_Exercise prompt_:
Under this line are the records; repeat exactly the lines starting at the one containing "Venta Renta Apartamento" and ending at the one containing "Assorted Snowflake Sugar", omitting pictures.

_Entries shown_:
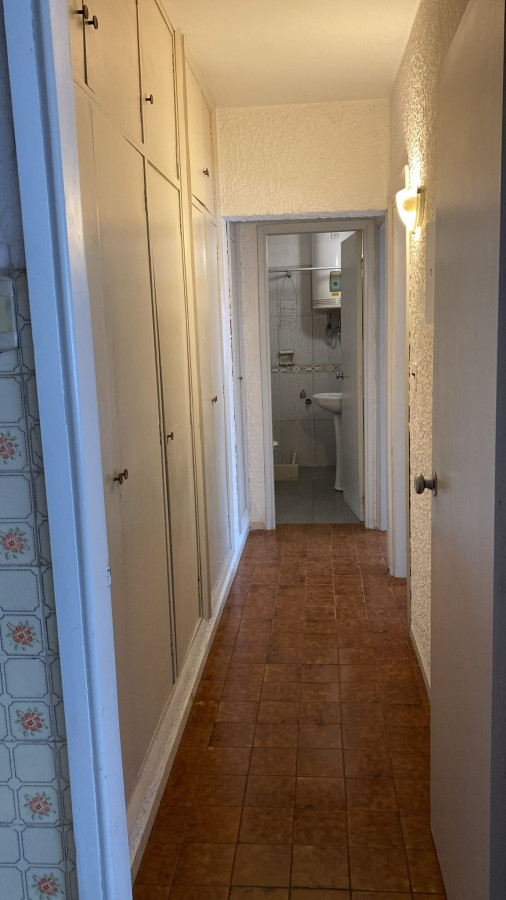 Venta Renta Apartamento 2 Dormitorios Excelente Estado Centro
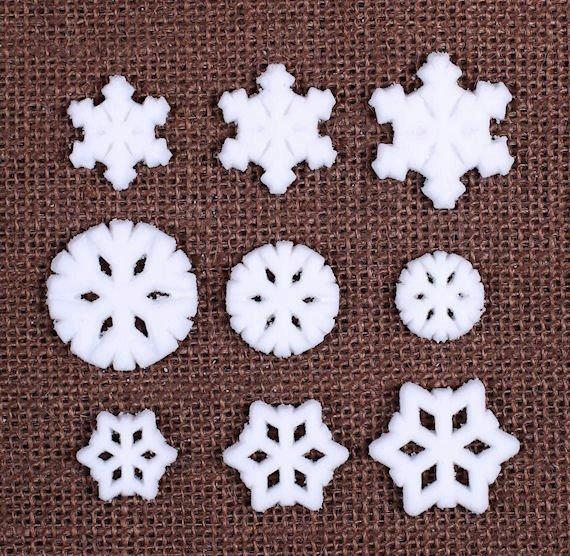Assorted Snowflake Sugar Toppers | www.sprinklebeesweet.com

--

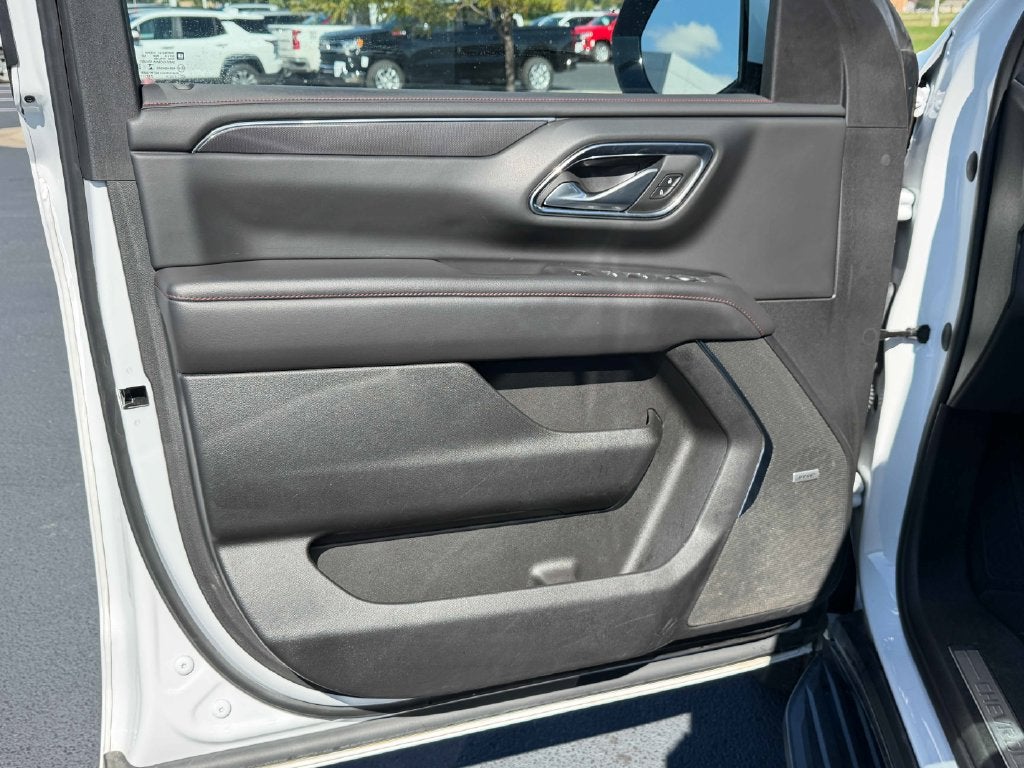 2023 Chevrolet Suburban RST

_Answer to the problem_:
 Venta Renta Apartamento 2 Dormitorios Excelente Estado Centro
Assorted Snowflake Sugar Toppers | www.sprinklebeesweet.com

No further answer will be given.